Problem details >>
Below, find the line containing "China’s Beef Prices" and the line containing "2014 Nissan Maxima"; reproduce exactly those two and every line between them, omitting pictures.

Record excerpts >>
★ ★ ★ ★ ★

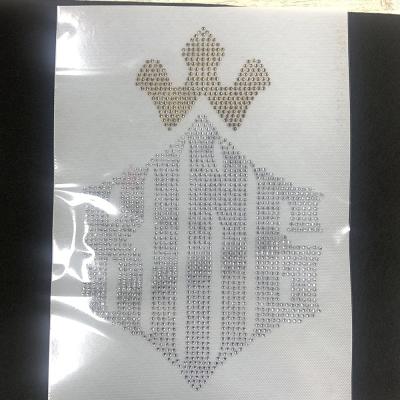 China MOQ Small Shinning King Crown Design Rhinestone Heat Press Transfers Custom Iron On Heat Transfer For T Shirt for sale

★ ★ ★ ★ ★

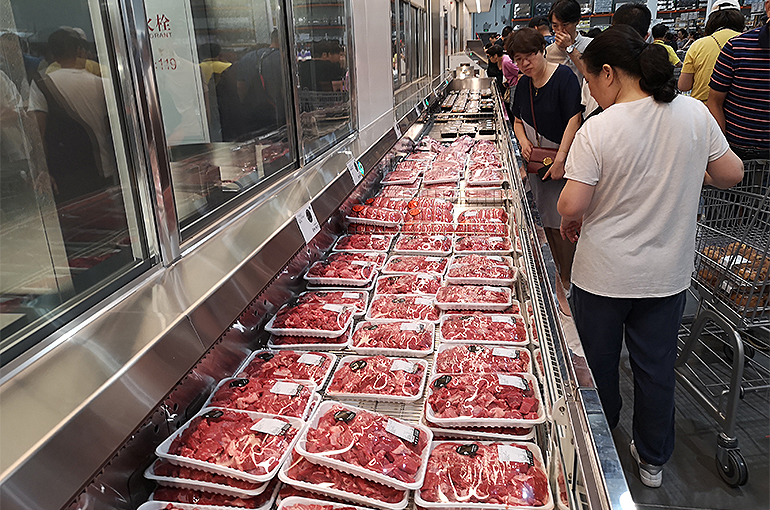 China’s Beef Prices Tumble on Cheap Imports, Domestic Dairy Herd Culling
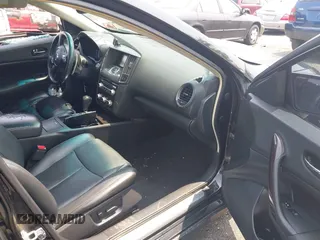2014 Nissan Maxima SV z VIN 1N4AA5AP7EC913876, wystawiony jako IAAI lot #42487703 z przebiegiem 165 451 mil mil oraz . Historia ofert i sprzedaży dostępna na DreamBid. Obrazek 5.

★ ★ ★ ★ ★

Output for this exercise >>
 China’s Beef Prices Tumble on Cheap Imports, Domestic Dairy Herd Culling
2014 Nissan Maxima SV z VIN 1N4AA5AP7EC913876, wystawiony jako IAAI lot #42487703 z przebiegiem 165 451 mil mil oraz . Historia ofert i sprzedaży dostępna na DreamBid. Obrazek 5.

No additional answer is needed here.